The second question leads us to a deeper understanding of regression’s underlying mechanics.

The Role of Orthogonalization

The mean-centering in variance calculations isn’t arbitrary - it’s a consequence of how OLS handles the constant term. OLS orthogonalizes effects with respect to each column vector in X.

To understand why orthogonalization matters, consider a simple example:

\[y = 3 + 4x + 5z\]

If we set $x=1$ and $z=1$, our predicted $y$ is 12. Increasing $z$ to 2 increases our prediction by exactly 5. This shows that $∂y/∂z = 5$, demonstrating the orthogonality of our coefficients. (If the variables weren’t orthogonal, changing one variable would affect the contribution of others.)

In simple regression, we have two columns:

A constant vector (all 1’s)
Our independent variable $x$

The coefficient $\beta$ must be orthogonalized with respect to the constant term.
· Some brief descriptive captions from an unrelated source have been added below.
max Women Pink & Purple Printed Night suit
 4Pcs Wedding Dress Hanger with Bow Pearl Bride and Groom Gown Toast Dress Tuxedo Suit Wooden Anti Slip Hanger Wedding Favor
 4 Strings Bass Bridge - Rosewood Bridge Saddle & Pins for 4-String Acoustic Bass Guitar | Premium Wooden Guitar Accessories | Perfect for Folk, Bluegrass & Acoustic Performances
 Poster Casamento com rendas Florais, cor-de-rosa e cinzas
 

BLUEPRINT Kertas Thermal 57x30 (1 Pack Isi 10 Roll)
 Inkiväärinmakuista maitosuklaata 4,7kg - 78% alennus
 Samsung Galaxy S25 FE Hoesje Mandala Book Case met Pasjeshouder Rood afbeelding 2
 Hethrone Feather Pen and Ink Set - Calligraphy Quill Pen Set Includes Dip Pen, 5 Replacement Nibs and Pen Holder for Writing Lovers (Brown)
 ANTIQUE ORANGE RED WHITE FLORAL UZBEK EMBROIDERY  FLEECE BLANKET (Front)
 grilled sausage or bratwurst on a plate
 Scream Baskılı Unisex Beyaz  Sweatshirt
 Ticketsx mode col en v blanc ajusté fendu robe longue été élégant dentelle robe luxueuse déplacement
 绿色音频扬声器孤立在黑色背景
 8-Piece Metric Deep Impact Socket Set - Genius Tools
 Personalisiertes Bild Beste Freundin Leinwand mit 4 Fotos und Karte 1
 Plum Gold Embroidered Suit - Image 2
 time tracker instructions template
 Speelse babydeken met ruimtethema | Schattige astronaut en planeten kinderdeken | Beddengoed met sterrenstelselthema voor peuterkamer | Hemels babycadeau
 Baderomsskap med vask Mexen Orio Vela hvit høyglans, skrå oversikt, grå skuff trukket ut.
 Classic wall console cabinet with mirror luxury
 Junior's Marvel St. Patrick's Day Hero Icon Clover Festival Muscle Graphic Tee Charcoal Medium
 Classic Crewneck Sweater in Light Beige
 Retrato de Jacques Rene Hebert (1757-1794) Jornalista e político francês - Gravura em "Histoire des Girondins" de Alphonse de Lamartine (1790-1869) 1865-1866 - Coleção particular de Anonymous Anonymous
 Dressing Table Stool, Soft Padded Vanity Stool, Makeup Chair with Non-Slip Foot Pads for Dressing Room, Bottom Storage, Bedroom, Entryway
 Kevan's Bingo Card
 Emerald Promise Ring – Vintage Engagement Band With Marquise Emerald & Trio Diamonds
But what does orthogonality mean in this context?

Two vectors are orthogonal if and only if their dot product is 0. For a constant vector $c=[1,1,1…]$ and our $x$ $[x_1,x_2,x_3…]$ their dot product is:

\[x_1 + x_2 + x_3 ... = \sum_{i}^N x_j\]

To make this sum zero, we subtract the mean $\bar{x}$ from each element:

\[(x_1 - \bar{x}) + (x_2 - \bar{x}) + ... = (x_1 + x_2 + ...) - N \bar{x} * N = 0\]

This reveals why we use centered values in variance calculations: centering a vector is equivalent to orthogonalizing it with respect to a constant term.

Now we can see how $X^TX^{-1} relates to $\frac{1}{\text{Var}(x)}$. The mean-centering in variance calculations isn’t just a statistical convention - it’s a fundamental consequence of how regression handles the constant term through orthogonalization.

This helps explain why $\beta = \frac{\text{Cov}(x,y)}{\text{Var}(x)}$ works, and provides insight into the geometric foundations of linear regression.